What is being asked: In this exercise, retype exactly and only the lines from the top of the entries below through the line that holds "Piwakawaka New Zealand", omitting pictures.

[Short descriptive text snippets]

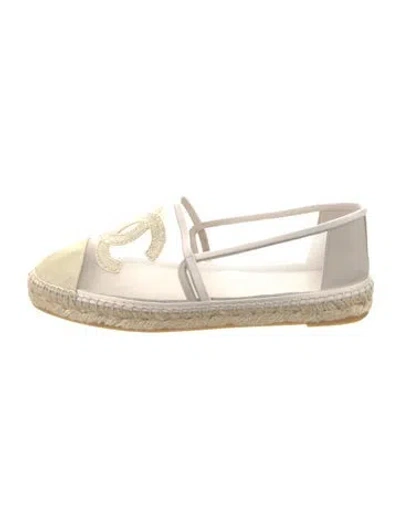 Pre-owned Chanel Interlocking Cc Logo Mesh Espadrilles In Neutral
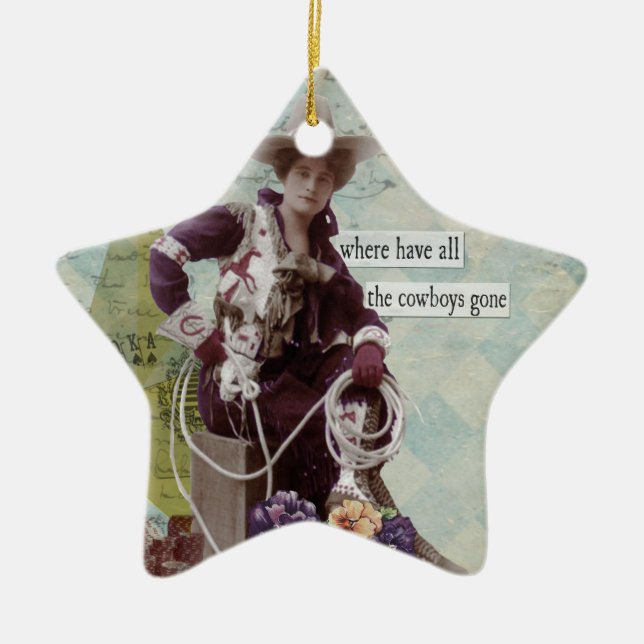 Vintage Cowgirl Western Ornament (Front)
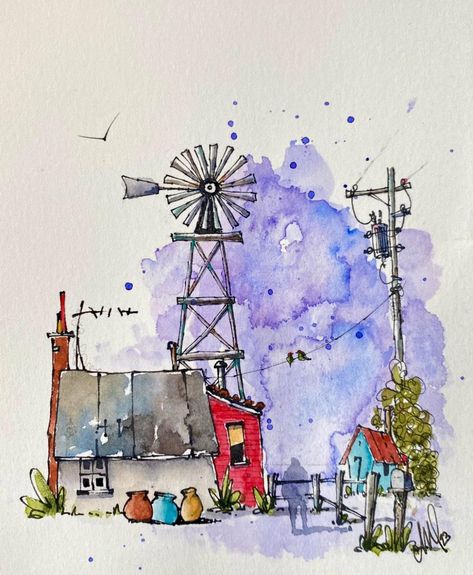 Watercolour Sketches, 2024 Bujo, Lighthouse Drawing, Lamy Safari, Art Houses, Flat Art, Whimsy Art, Urban Sketches, Learn Watercolor Painting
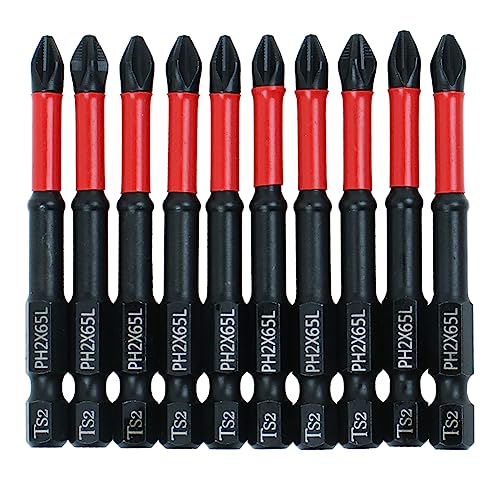 AUTOTOOLHOME 10 Pack Phillips PH2 Magnetic Anti Slip Screwdriver Bit Set 25 L TS2 AntiSlip Long Drill Bits Impact Driver Bits - Image 1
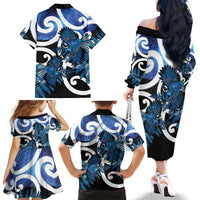 Piwakawaka New Zealand Matariki Family Matching Off The Shoulder Long Sleeve Dress and Hawaiian Shirt Maori New Year Silver Fern Blue Galaxy LT14 - Polynesian Pride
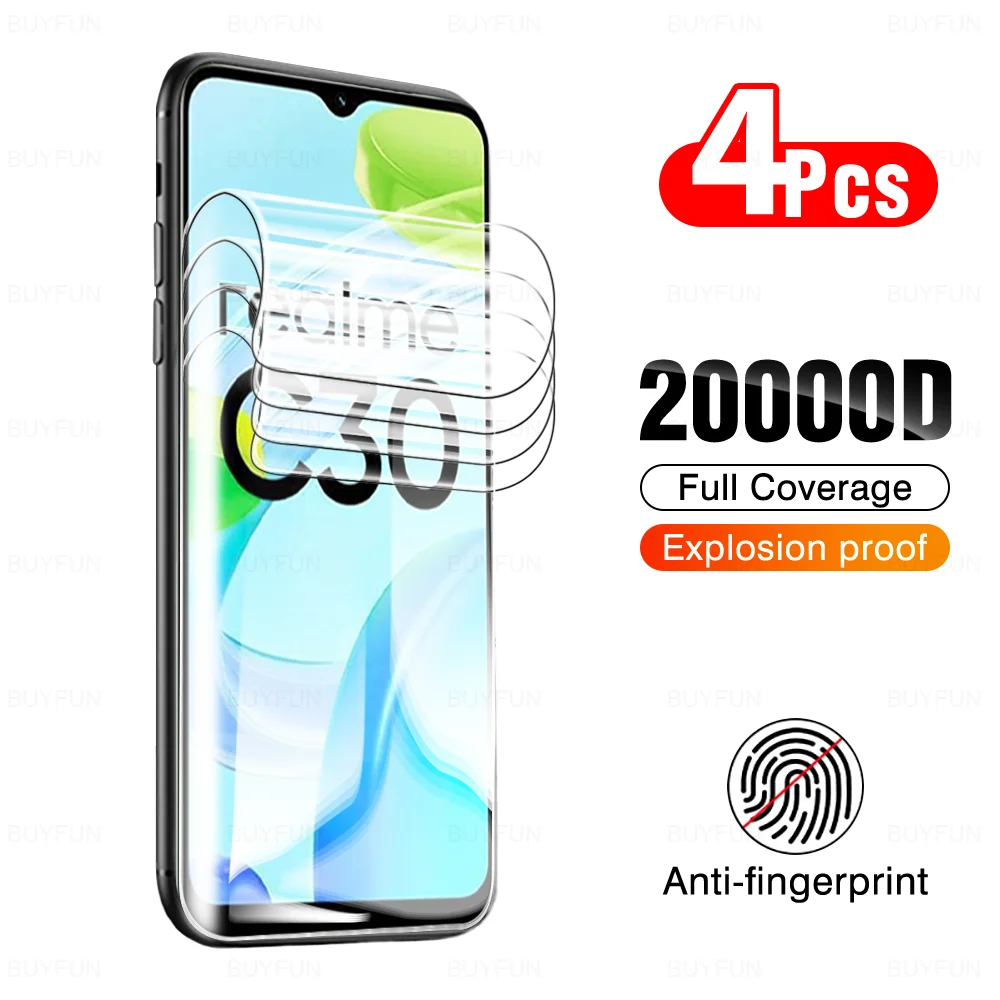 Мягкая Гидрогелевая пленка 4 шт., не стекло для Realme C30s RMX3690, защита экрана Realmi Realmy C30 RMX3581 RealmeC30s C 30 S 6,5 '30C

Response:
 Pre-owned Chanel Interlocking Cc Logo Mesh Espadrilles In Neutral
 Vintage Cowgirl Western Ornament (Front)
 Watercolour Sketches, 2024 Bujo, Lighthouse Drawing, Lamy Safari, Art Houses, Flat Art, Whimsy Art, Urban Sketches, Learn Watercolor Painting
 AUTOTOOLHOME 10 Pack Phillips PH2 Magnetic Anti Slip Screwdriver Bit Set 25 L TS2 AntiSlip Long Drill Bits Impact Driver Bits - Image 1
 Piwakawaka New Zealand Matariki Family Matching Off The Shoulder Long Sleeve Dress and Hawaiian Shirt Maori New Year Silver Fern Blue Galaxy LT14 - Polynesian Pride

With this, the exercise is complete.